What is needed ->
Your answer must be the lines from the one containing "Apartment Ibiza Style" through the last line below, copied exactly, with no pictures.

Web page caption snippets ->
━━━━━━━━━━━━━━━━
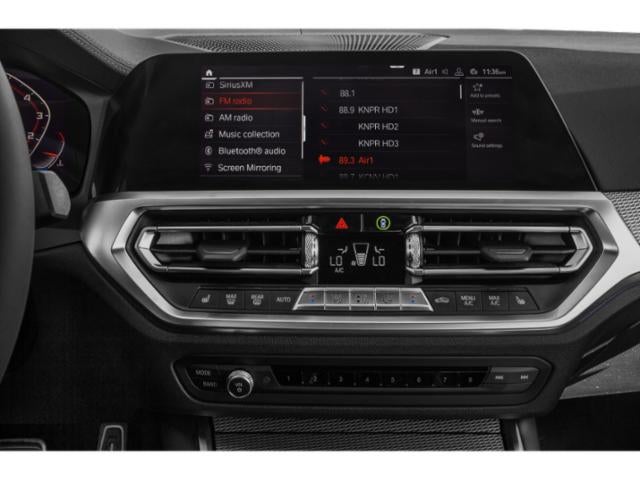 2021 BMW M340i M340i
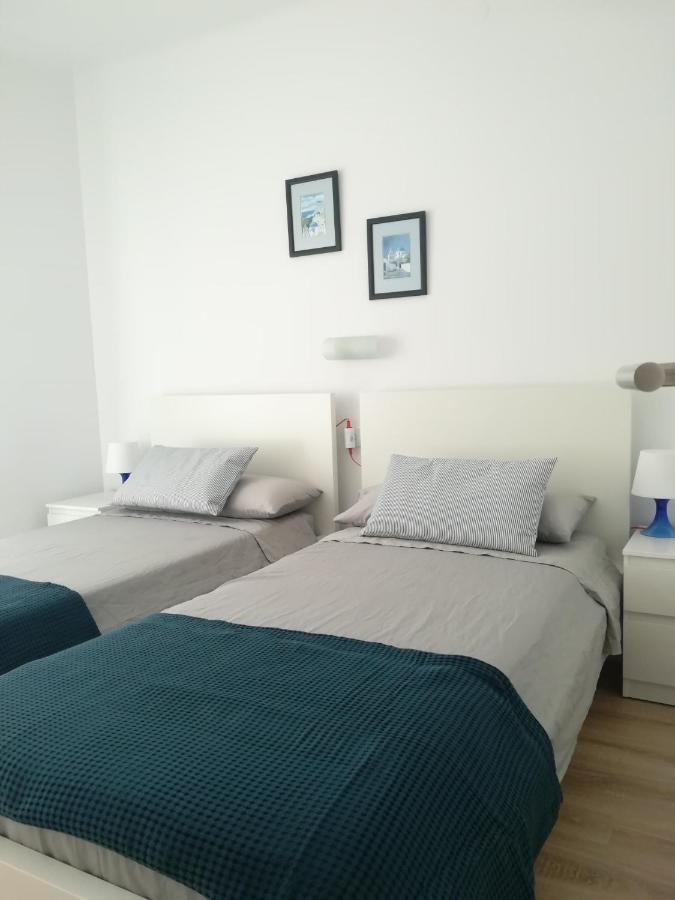 Apartment Ibiza Style El Vendrell Exterior photo
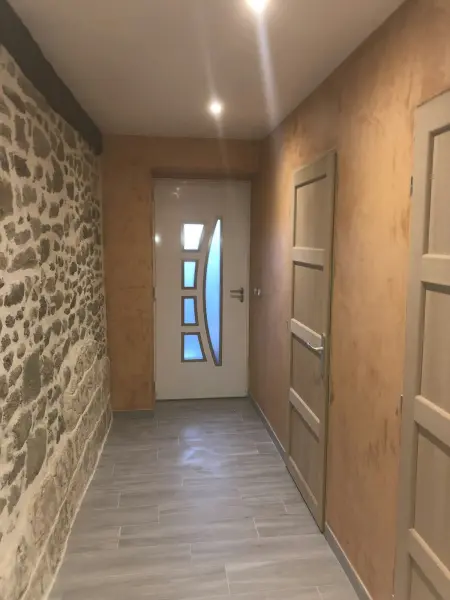 Maison charmante près de Sains avec spa et jardin clos - Photo 25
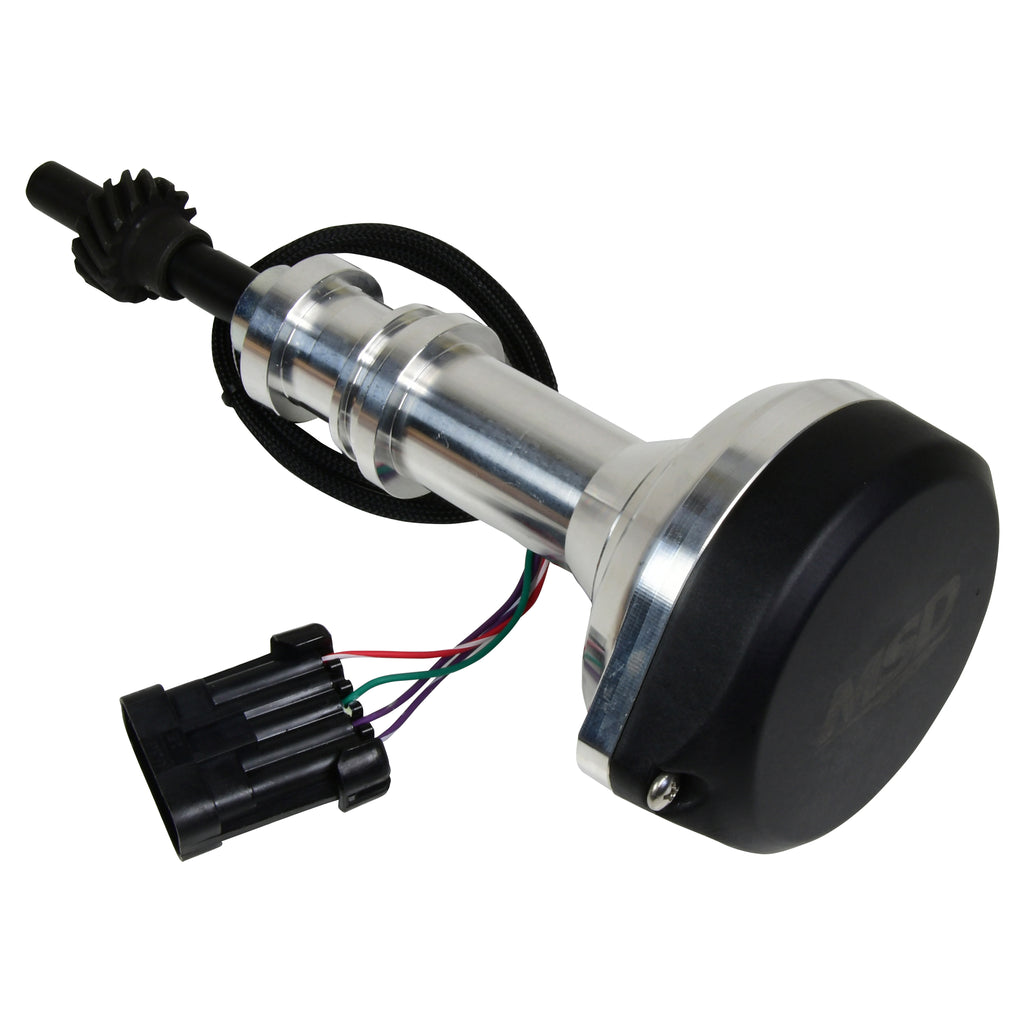 Dis-Digital-Ignition-System-Kit---Black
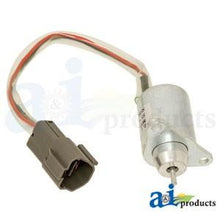 M810324 SOLENOID FUEL SHUT-OFF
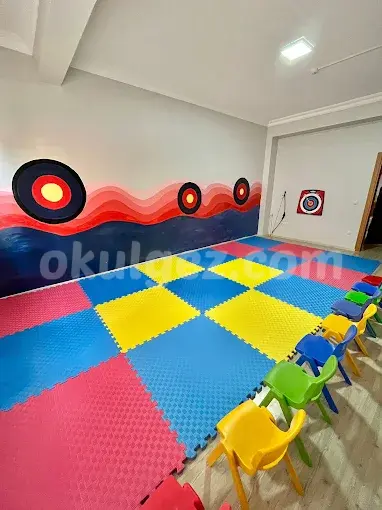 Özel Büyükçekmece Mutlu Nesiller Anaokulu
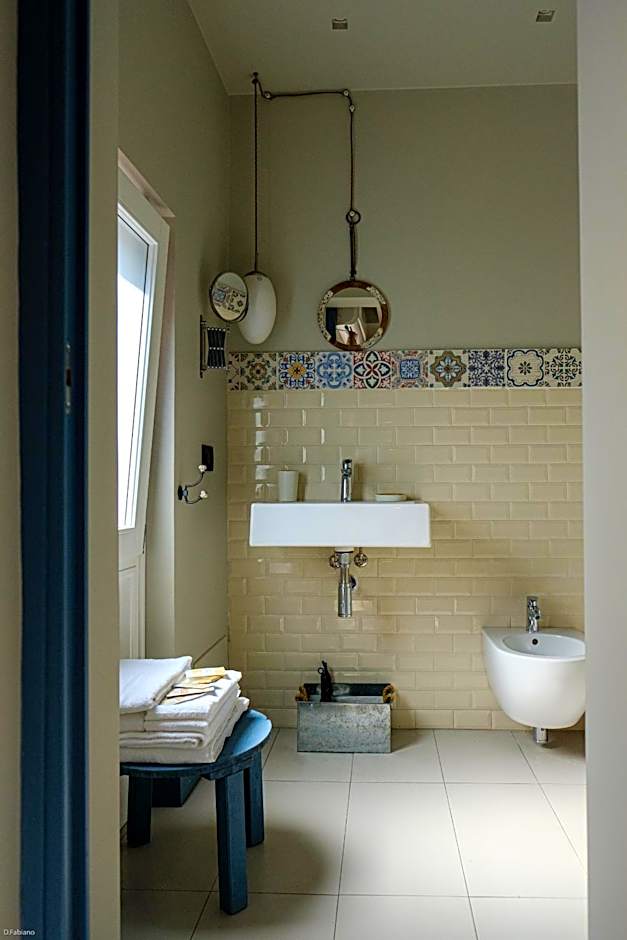 B&B SEKELES Suites and Spa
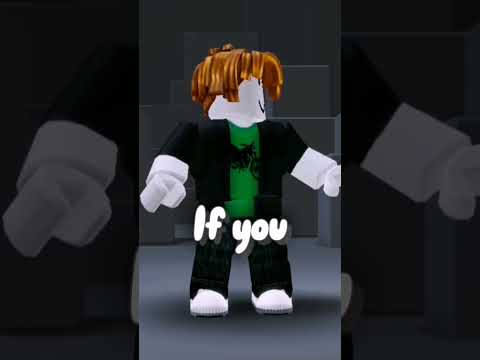 Only Roblox Players Can Understand This Video.. ✨🤭#roblox #shorts thumbnail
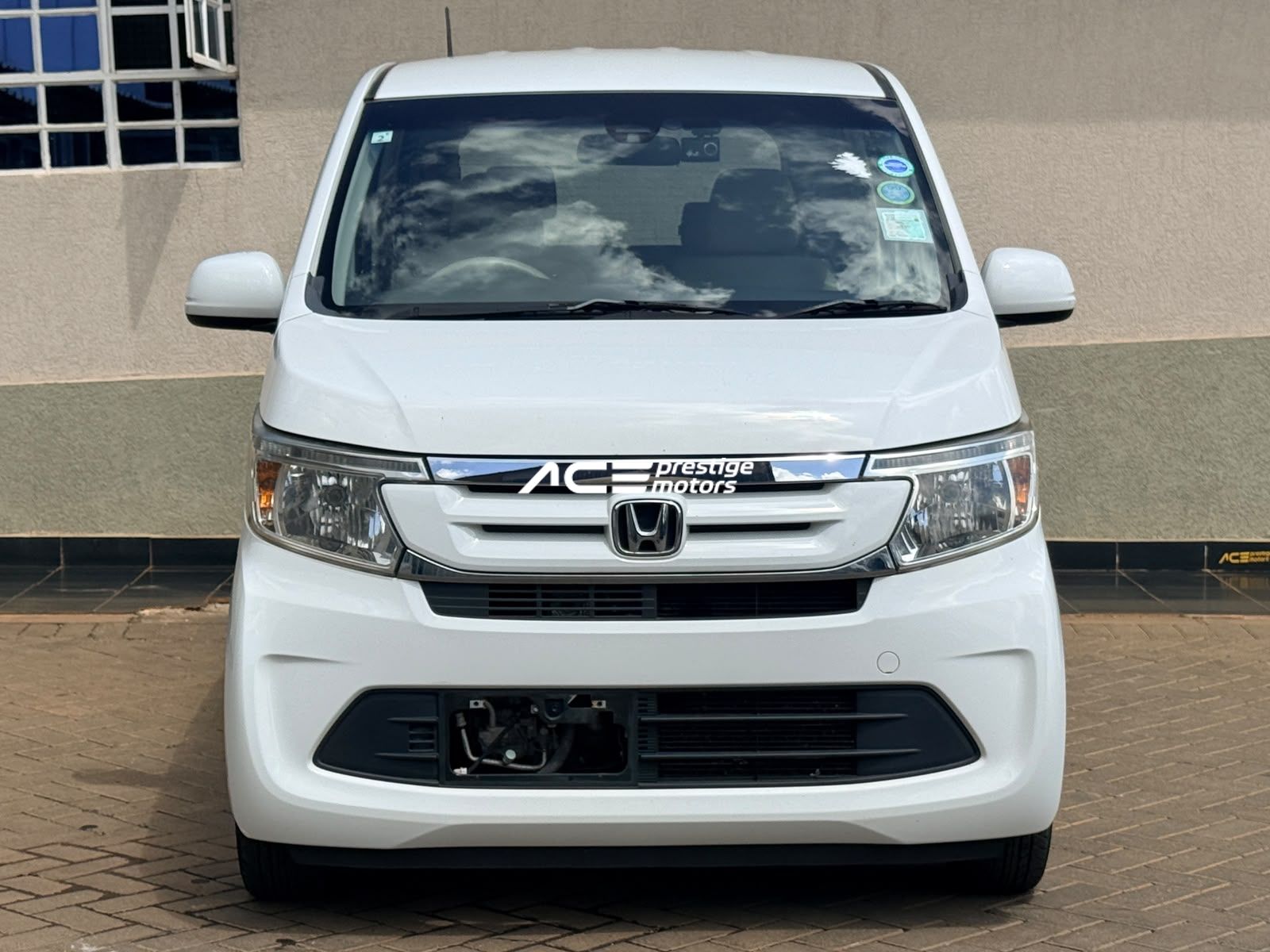 Image of Honda N Wagon YOM - 2019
━━━━━━━━━━━━━━━━
Exercise result ->
 Apartment Ibiza Style El Vendrell Exterior photo
 Maison charmante près de Sains avec spa et jardin clos - Photo 25
 Dis-Digital-Ignition-System-Kit---Black
 M810324 SOLENOID FUEL SHUT-OFF
 Özel Büyükçekmece Mutlu Nesiller Anaokulu
 B&B SEKELES Suites and Spa
 Only Roblox Players Can Understand This Video.. ✨🤭#roblox #shorts thumbnail
 Image of Honda N Wagon YOM - 2019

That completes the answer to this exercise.